Method of manufacturing silicon carbide semiconductor substrate description/claims

This application claims priority from Japanese application Serial No. 2007-159643, filed on Jun. 18, 2007. The disclosure of the priority application in its entirety, including the drawing, claims, and the specification thereof, is incorporated herein by reference.

A. Field of the Invention

This invention relates to a method of manufacturing a silicon carbide semiconductor substrate.

B. Description of the Related Art

Various measures are being taken to enhance the performance of semiconductor devices for power applications (hereafter “power devices”) using silicon semiconductor substrates (hereafter abbreviated “Si”), for the purpose of controlling large amounts of power. However, power devices are also used at high temperatures or in the presence of radiation, and in some cases Si power devices cannot be used under such conditions.

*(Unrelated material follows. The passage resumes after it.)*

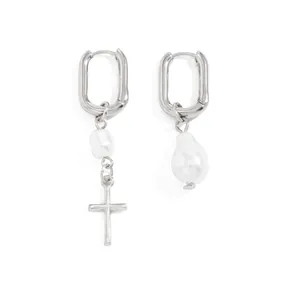 Asymmetric silver U-shape hoop earrings with white pearl and cross charm detail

Also, in response to requests for still higher performance than Si power devices, the application of new semiconductor substrate materials is being studied. The silicon carbide semiconductor substrate addressed in this invention has a broad forbidden band width (for 4H-SiC, 3.26 eV; for 6H-SiC, 3.02 eV), and so control over electric conductivity at high temperature and radiation durability are excellent; also, because the dielectric breakdown voltage is approximately one order of magnitude higher than that for Si, application to high-withstand voltage devices with low turn-on resistance is possible. Also, SiC semiconductor substrates have an electron saturation drift velocity approximately twice that of Si semiconductor substrates, and so are also suited to control in high-frequency power applications. There exist various crystal forms (polytypes) of SiC crystal substrates, such as the above 4H-SiC and 6H-SiC; of these, 4H-SiC has excellent physical properties, and is promising as a semiconductor substrate material for power devices.

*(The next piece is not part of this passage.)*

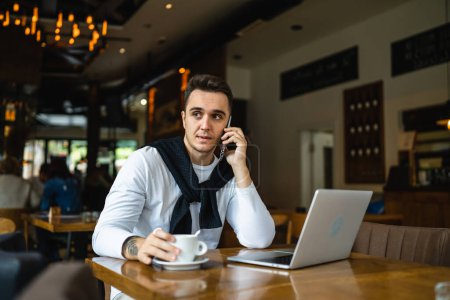 Photo for One man sitting at the table at cafe or restaurant wear casual using mobile phone to make a call talking communication while hold a cup of coffee real people copy space - Royalty Free Image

However, when using an SiC semiconductor substrate to manufacture a semiconductor device, ion implantation and impurity doping by thermal diffusion, which are normally indispensable process technologies for Si semiconductor devices, are difficult to perform; hence simultaneously with impurity doping control, epitaxial growth layers are formed in the required number of layers on the low-resistance SiC substrate (SUB), to manufacture an SiC semiconductor device having the desired semiconductor functions. However, such SiC semiconductor devices have the problem of frequent unsatisfactory characteristics, arising from crystal defects. In the following explanation, “SiC substrate” refers to a low-resistance SiC substrate, and “SiC semiconductor substrate” refers to an SiC substrate on which is formed an SiC epitaxial growth layer.

There is the following well-known technology relating to improvement of such SiC semiconductor devices, and in particular methods for SiC epitaxial growth resulting in low dislocation defect densities. For example, technology has been disclosed in which, by forming parallel grooves in an off-axis direction in a growth face inclined by 10 to 900 from the [0001] plane, so that growth planes are arranged at fixed intervals, and then performing epitaxial growth, and by repeating processes in which the grooves are filled with SiC crystals, so that crystal growth occurs at short intervals between single crystals, a silicon carbide semiconductor substrate can be manufactured with almost no dislocation crystal defects (see Japanese Patent Laid-open No. 2005-350278). Further, technology has been disclosed in which at least a portion of the semiconductor substrate has a plurality of undulations extending in one direction, and the second and subsequent epitaxial growth processes are performed after forming a plurality of undulations extending in one direction on at least a portion of the surface of a single-crystal layer formed immediately before, to obtain a single-crystal substrate with low crystal defect density (Japanese Patent Laid-open No. 2003-68654, corresponding to U.S. Pat. No. 6,736,894).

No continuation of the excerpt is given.